Following on from Gisela’s well-received books on the Australian Magpie and the Tawny Frogmouth, as well as two earlier titles on birds, Bird Minds contends that the unique and often difficult conditions of Australia's environment have been crucial for the evolution of unusual complexities in avian cognition and behaviour.
This book is written for a general audience, especially amateur ornithologists and naturalists but it will equally appeal to specialists in bird behaviour and students working in biology, comparative psychology, cognitive ecology, field ornithology, zoology, aviculture and animal welfare. It will also be of interests to veterinarians, zoo personnel, bird lovers and members of other groups concerned with birds.

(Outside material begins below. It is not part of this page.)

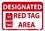 NMC 7" X 10" Plastic Safety Identification Sign, Designated Red Tag Area, Price/each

Up-to-date insights on avain neurobiology based on the latest research
Casts a new light on why birds behave the way they do
A final chapter highlights the important implications for the care of native birds
1 Australian conditions and their consequences
2 Brain size, long life and resourcefulness
3 Foragers, food-switchers and innovators
4 Tool use
5 Nest and bower builders
6 Play behaviour
7 Mimicry and imitation – the cognitive dimensions
8 Social and vocal learning
9 Emotions, communication and cognition
10 Communicating intentionally
11 Abstract concepts and states of mind
12 Which native birds are smart?
"Bird Minds provides a highly readable and scholarly overview of the intelligence of birds, one that seamlessly integrates a wide variety of research by behavioural ecologists and comparative cognitive psychologists in a way that does justice to the goals of each” Thomas Zentall, Animal Behaviour 114, 2016, pp. 12
"Bird Minds is a book that nicely combines the best scientific rigor with stories of bird behaviours that we can all appreciate… Kaplan uses her broad knowledge of human and animal neurology to enhance the interpretation of bird behaviours, and this adds a further dimension to the book." Alison Turner, Canberra Bird Notes 40(3), 2015, pp. 298
"I recommend this book to all who value our birds... it is a valuable reference of importance for your bookshelf and especially if readily available on your desk. I will re-read many pages and I suspect that will be similar for readers who will want to revisit various topics" Gil Porter, Warbler (Southern Queensland BirdLife e-newsletter), Vol 5(1), March 2016, pp.21-22
"I highly recommend Dr. Kaplan's most recent gem... Bird Minds would be an excellent book for researchers, advanced undergraduate and graduate courses, and for others who just want to know about the fascinating animals with whom we share our magnificent world." Marc Bekoff, "Bird Minds: An Outstanding Book About Australian Natives", Psychology Today, 4 April 2016
"This book is easy to read, covers a breadth of cognitive queries, and discusses a number of Australia’s more prominent and unique bird species. However, I would argue the true value of possessing it is in its potential to broaden the understanding any reader – regardless of their education – has of the way animals other than ourselves think and make sense of the world around them. All of us, even children, ponder this question from time to time. Here, Kaplan gifts the reader with the latest knowledge from the frontline of research, and in doing so ensures they never look at a magpie the same way again." Christopher McCormack, Wild Melbourne (blog), 27/11/15
"a thorough and engaging read that will decidedly get human minds ticking!" Australian Birdlife Magazine, December 2015, pp 80
Gisela Kaplan is a Professor at the University of New England and an Honorary Professor at the Queensland Brain Institute. She is the author of over 250 research articles and 21 books and has conducted groundbreaking research into vocal learning, communication and cognition in birds and other vertebrates. She holds two PhDs and an honorary DSc for her contributions to life sciences. In addition to extensive research on birds in the wild, for the past two decades she has also raised and rehabilitated injured native birds.